TASK INSTRUCTIONS:
The listing below is the input. Say how many of its lines contain "ปภาพ", giving the number alone.

GIVEN DATA:
*** Block opens ***
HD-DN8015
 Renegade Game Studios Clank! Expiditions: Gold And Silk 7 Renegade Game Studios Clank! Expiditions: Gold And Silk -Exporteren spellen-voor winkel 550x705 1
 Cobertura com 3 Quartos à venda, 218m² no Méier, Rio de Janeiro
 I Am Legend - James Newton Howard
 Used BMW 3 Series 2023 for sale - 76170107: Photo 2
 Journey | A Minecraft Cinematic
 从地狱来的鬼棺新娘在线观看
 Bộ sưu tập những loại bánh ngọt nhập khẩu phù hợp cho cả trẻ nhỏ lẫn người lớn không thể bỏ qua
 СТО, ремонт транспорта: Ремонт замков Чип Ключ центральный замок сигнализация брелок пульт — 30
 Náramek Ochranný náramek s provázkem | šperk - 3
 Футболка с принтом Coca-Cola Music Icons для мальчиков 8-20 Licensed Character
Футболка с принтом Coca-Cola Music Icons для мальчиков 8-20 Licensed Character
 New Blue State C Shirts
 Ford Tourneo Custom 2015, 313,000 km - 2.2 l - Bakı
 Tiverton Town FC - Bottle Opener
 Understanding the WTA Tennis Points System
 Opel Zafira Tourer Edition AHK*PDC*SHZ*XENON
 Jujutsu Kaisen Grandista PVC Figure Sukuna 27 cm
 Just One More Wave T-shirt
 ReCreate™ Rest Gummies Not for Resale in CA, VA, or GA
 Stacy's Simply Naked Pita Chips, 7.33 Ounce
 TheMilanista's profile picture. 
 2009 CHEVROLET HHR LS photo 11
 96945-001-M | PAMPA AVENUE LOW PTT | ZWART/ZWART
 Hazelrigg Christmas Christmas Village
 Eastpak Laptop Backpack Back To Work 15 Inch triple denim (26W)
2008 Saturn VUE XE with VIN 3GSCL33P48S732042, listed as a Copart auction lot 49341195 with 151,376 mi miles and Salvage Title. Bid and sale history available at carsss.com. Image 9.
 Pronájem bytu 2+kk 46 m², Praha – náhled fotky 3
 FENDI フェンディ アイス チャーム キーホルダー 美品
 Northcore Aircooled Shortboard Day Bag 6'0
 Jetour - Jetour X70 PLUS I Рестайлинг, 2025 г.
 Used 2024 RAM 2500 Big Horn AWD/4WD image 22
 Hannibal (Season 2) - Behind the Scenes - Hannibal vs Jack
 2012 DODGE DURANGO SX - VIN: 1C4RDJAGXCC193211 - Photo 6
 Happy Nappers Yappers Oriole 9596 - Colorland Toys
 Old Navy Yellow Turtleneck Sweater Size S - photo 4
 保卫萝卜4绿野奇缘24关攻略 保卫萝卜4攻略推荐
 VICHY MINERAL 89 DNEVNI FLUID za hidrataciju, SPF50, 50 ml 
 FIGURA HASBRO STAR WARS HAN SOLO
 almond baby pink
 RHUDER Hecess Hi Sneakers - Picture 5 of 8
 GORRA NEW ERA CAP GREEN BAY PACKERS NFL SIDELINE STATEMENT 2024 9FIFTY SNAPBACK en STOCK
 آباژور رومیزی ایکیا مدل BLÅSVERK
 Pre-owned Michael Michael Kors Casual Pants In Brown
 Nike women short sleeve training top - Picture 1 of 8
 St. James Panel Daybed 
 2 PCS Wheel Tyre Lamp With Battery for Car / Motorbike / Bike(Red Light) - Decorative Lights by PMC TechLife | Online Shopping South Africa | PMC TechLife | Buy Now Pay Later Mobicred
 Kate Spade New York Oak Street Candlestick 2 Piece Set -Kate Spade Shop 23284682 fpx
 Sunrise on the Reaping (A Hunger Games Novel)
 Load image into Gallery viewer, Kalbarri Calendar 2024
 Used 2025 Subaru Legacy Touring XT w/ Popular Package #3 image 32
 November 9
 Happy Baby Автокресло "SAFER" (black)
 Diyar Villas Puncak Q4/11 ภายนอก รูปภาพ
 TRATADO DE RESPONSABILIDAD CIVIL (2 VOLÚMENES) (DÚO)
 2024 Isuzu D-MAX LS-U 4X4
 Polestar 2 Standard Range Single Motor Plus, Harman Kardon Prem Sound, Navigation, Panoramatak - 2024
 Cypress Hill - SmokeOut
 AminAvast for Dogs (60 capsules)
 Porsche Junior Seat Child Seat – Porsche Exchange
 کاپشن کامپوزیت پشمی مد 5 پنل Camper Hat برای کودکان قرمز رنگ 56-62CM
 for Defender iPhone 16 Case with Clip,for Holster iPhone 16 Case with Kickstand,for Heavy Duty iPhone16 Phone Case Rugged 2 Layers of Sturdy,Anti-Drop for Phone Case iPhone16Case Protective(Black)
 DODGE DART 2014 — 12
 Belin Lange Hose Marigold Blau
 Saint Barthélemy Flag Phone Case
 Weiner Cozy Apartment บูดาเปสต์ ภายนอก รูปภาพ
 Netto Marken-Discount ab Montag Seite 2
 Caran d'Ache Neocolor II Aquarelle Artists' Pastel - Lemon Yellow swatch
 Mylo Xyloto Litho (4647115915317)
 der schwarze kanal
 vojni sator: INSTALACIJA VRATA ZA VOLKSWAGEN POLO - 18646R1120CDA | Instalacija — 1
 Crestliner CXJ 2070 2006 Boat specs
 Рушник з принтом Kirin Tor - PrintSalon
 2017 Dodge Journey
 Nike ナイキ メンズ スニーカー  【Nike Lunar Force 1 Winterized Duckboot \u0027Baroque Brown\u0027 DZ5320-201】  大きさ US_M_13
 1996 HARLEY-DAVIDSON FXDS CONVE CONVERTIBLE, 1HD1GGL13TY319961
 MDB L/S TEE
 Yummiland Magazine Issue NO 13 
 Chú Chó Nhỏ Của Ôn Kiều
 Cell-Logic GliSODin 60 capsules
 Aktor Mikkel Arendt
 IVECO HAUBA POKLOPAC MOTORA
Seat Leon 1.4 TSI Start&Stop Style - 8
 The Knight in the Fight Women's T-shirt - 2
*** Block closes ***
ANSWER FOR THE TASK:
2